— ASSIGNMENT —
Your copy starts at the line containing "Hugo online show" and ends at the last line below. Copy exactly, without pictures.

— Collected data —
-*-

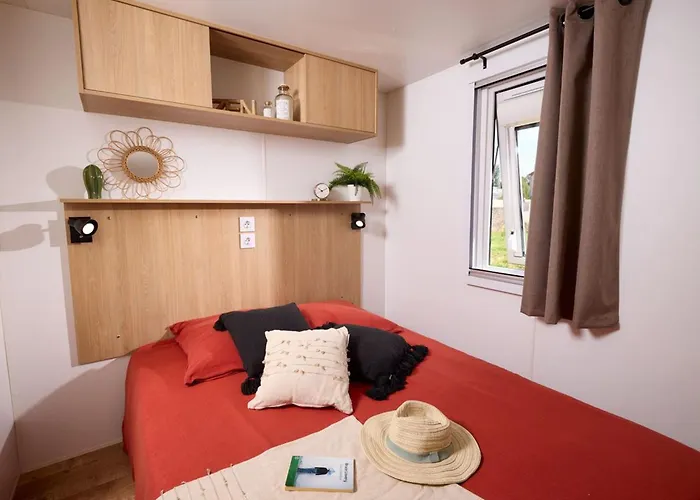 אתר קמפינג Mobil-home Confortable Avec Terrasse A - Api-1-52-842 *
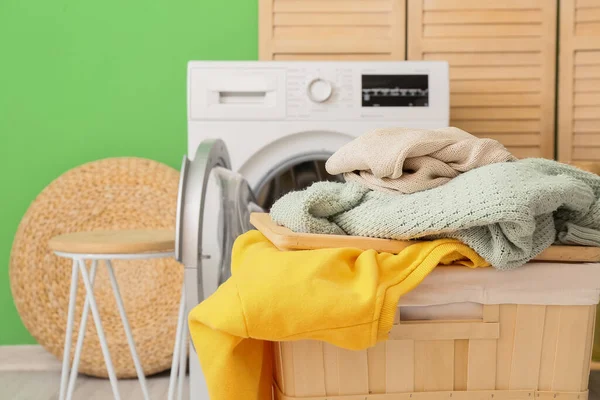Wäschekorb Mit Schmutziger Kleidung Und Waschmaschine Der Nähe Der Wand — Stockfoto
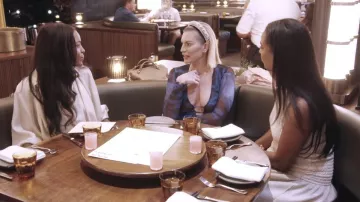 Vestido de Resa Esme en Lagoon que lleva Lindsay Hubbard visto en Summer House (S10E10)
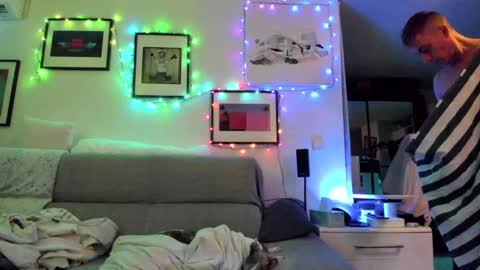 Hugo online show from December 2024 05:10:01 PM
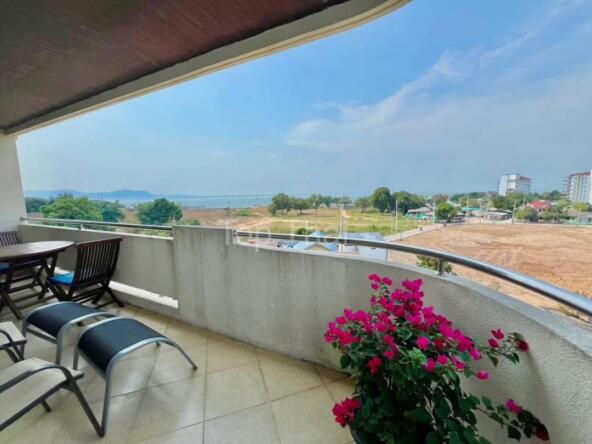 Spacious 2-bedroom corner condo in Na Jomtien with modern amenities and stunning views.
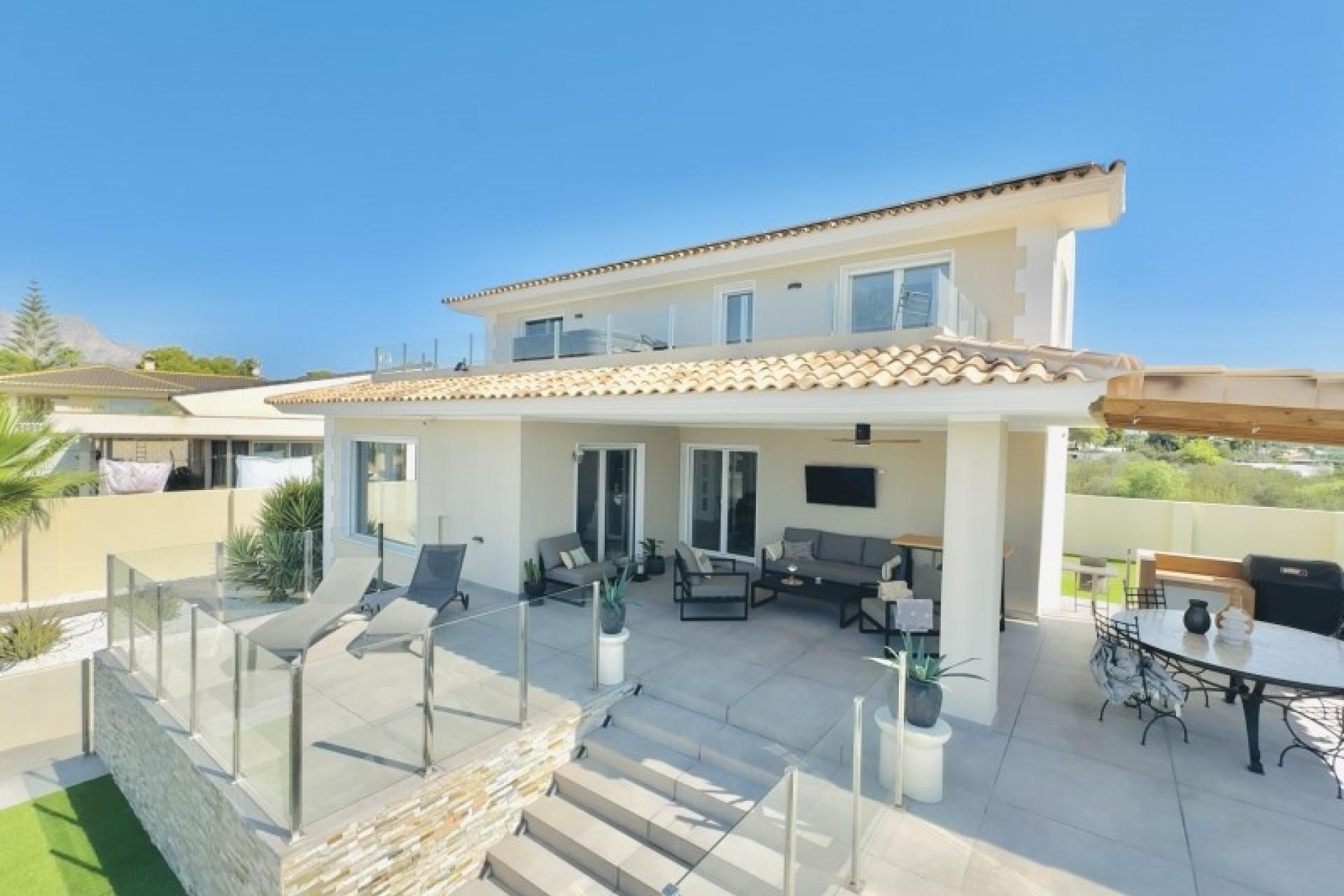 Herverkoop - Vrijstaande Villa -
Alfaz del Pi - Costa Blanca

-*-

— SOLUTION TO THIS EXERCISE —
 Hugo online show from December 2024 05:10:01 PM
 Spacious 2-bedroom corner condo in Na Jomtien with modern amenities and stunning views.
 Herverkoop - Vrijstaande Villa -
Alfaz del Pi - Costa Blanca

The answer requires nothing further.